Cierta noche, la misma que se había celebrado el festejo del que anteriormente hablamos, una mujer que desafiaba a la lluvia y el fuerte viento llegó hasta las murallas del castillo, y tras llamar a una puerta trasera se adentra en su interior. Todos los habitantes de la fortaleza se habían retirado a sus aposentos, agotados por la fiesta. Pero sin embargo don Álvaro no podía conciliar el sueño. En su mente se agolpaban mil recuerdos que le martirizaban y no le dejaban pegar ojo. De pronto se abrió la puerta de su cámara, y por ella entró una demacrada y miserable mujer que se situó junto al lecho. El condestable, paralizado al reconocer a la hechicera, no pudo reaccionar, tan sólo escuchó:
–¡Devuélveme al hijo que me robaste!.
Y precipitadamente salió de la habitación. El condestable cayó desplomado y sin conocimiento al suelo, no volviéndolo a recobrar hasta el día siguiente.
Al amanecer se levantó como si no hubiera pasado nada, para asistir a una cacería que tenía prevista. En la explanada de la fortaleza se reunieron los participantes, entre los que se encontraban los reyes y un joven de veintidós años llamado Juan, hijo del condestable. Partiendo de dicho lugar se dirigieron a los montes cercanos, atravesando antes la población. Fue entonces cuando en una de sus calles apareció una mujer que gritaba con desesperación. Los reyes, extrañados, preguntaron a sus acompañantes de quién se trataba.

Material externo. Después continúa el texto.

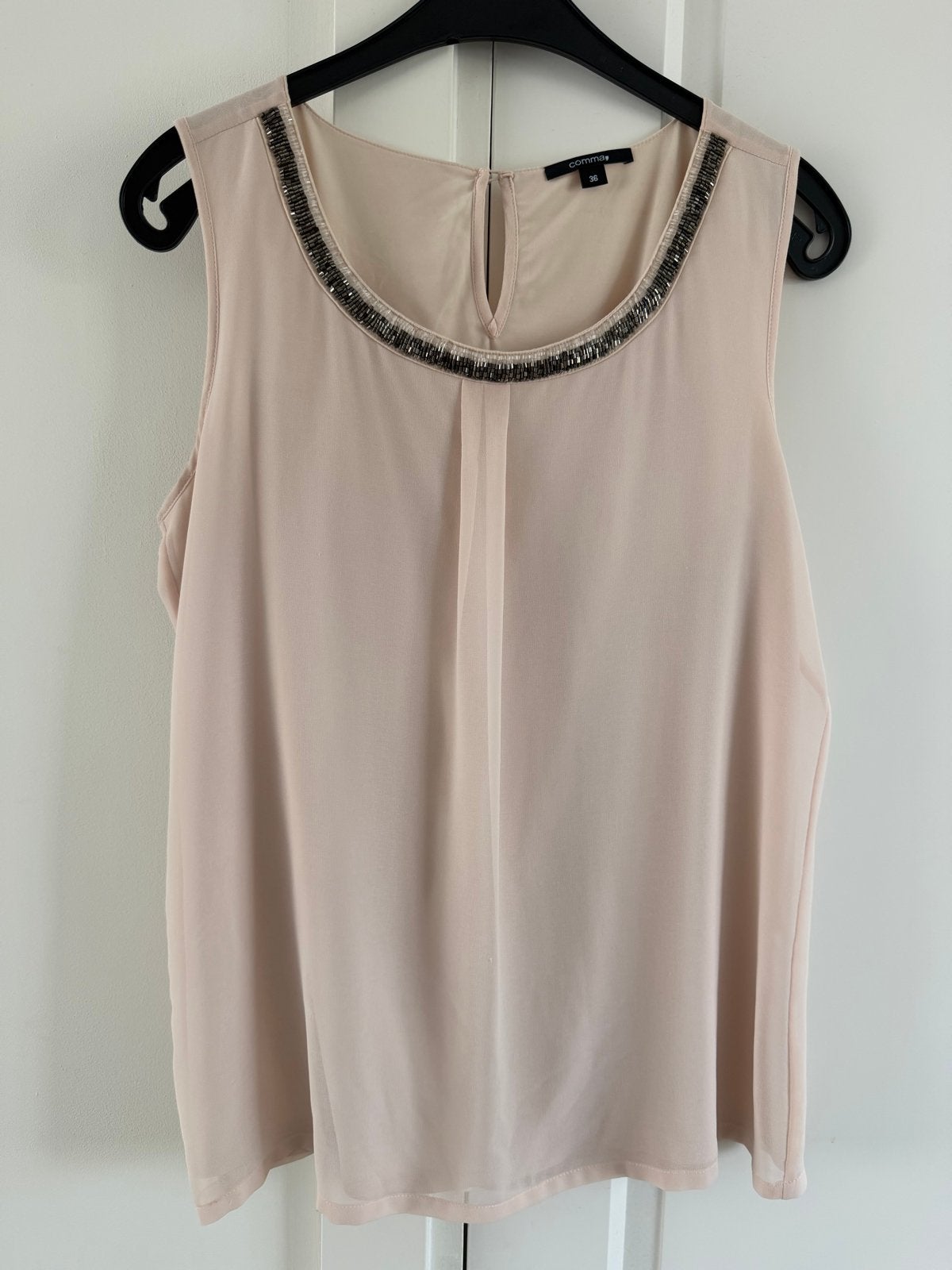Comma, top maat 36 met kraalapplicatie, Kleding | Dames, Verzenden, Beige, Zo goed als nieuw, Maat 36 (S)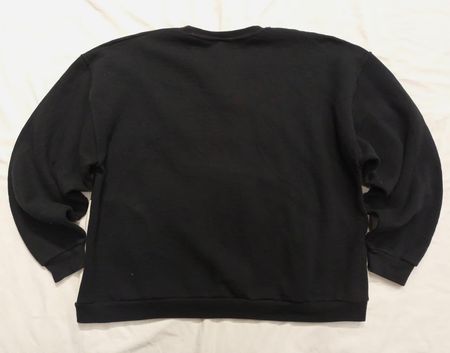 CR779 アップサイクル ミックス ブランド パッチ スウェットシャツ – ユニセックス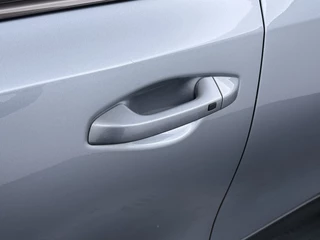 Kia XCeed 1.5 T-GDi GT-Line Automaat  - Kantel / Schuifdak  - Apple Carplay / Android Auto - Navigatie - ACC - Climate Control - Stoel / Stuurwielverwarming - Fabrieksgarantie tot 04-2032 / 17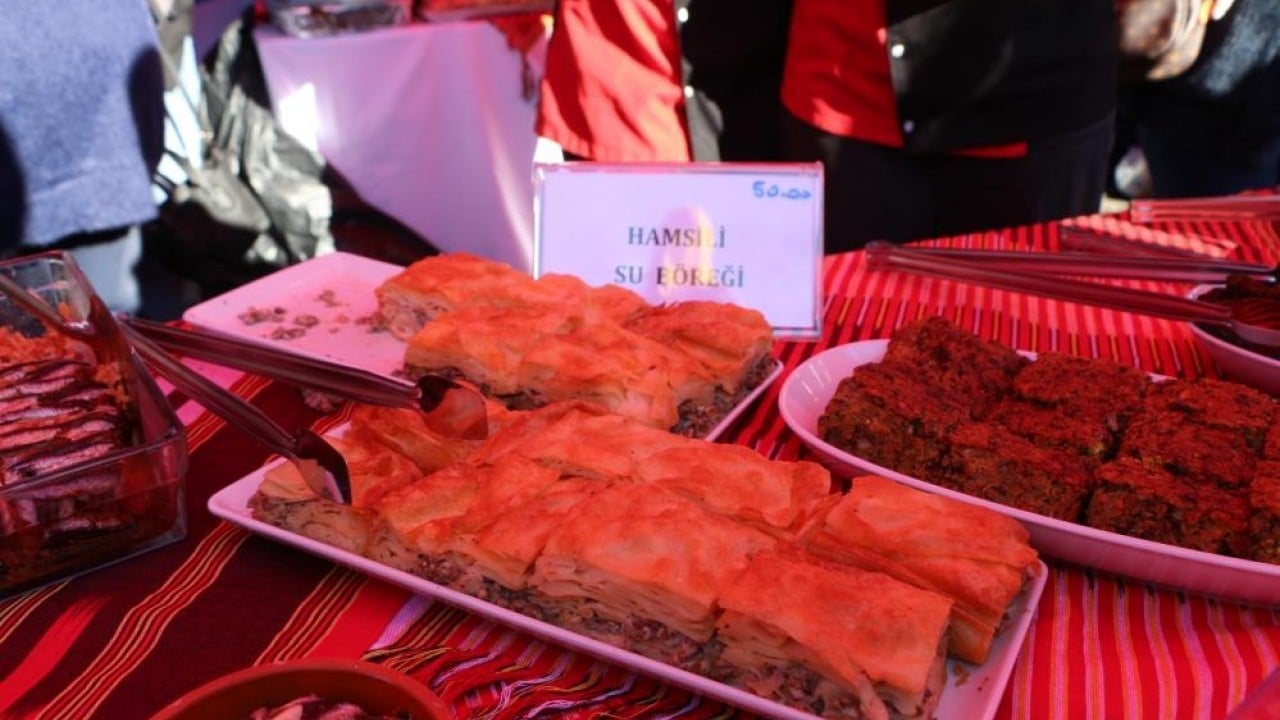 Foto - Yeter ki içinde hamsi olsun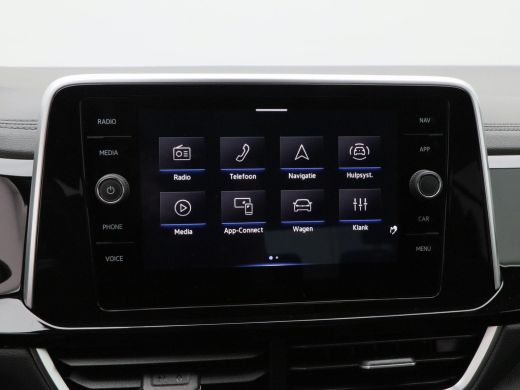 Volkswagen T-Roc 1.5 TSi 150 Pk Automaat R-Line Edition | Trekhaak | Stoelverwarming | Adaptive Cruise | Navigatie... ActivLease financial lease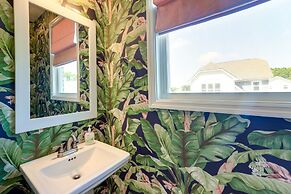 Beaufort Getaway w/ Pool Access, 2 Mi to Downtown!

–Es una pobre adivina –les respondieron-. Hace años que vive en el pueblo y muestra signos de locura.
La reina, compadecida, le indicó a la hechicera que se acercara, diciendo:
–Me comentan que tienes el don de vaticinar el futuro. ¿Podrías hacer alguna predicción?.
–Nada más sencillo –contestó la hechicera-. Vos liberaréis a Castilla de un monstruo que la devora desde hace treinta años.
Después, mirando al rey, continuó:
–Vos moriréis de pesar por lo más sensato que hagáis en vuestra vida, que será decapitar al hombre más miserable del reino.
Finalmente, mirando al condestable, concluyó:
–Y vos, miserable, moriréis en el cadalso como merecéis.
Tras concluir sus profecías huyó la hechicera, dejando a todos pensativos y preocupados.
Después se dirigieron al bosque, para continuar con su prevista jornada de caza. Allí, el hijo de don Álvaro, cayó de su caballo, circunstancia que fue aprovechada por la hechicera. Rápidamente corrió hasta llegar a su lado, desabrochándole el jubón en busca de alguna señal para tratar de reconocerle. Pero comprobando que no era su hijo le clavó una daga en el pecho.
Don Juan no murió por la herida de la hechicera, pero don Álvaro la hizo apresar para ejecutarla públicamente. Su cuerpo fue colgado durante varias horas de las almenas del castillo, para después cortar las cuerdas yendo el cuerpo de la anciana a estrellarse con las afiladas rocas del fondo del barranco. Así concluyó la vida de aquella mujer, a la que años atrás el ruin don Álvaro había arrebatado la felicidad, además de un hijo.
Sin embargo todas sus predicciones se cumplieron:
La reina fue la principal protagonista de la perdición del condestable, quien finalmente fue condenado a morir en el cadalso. Un año después el rey moriría, apesadumbrado por haber ejecutado al que durante años fue su favorito.
Sobre relato de Vicente García de Diego.Antología de leyendas de la literatura universal, Tomo I, página 208.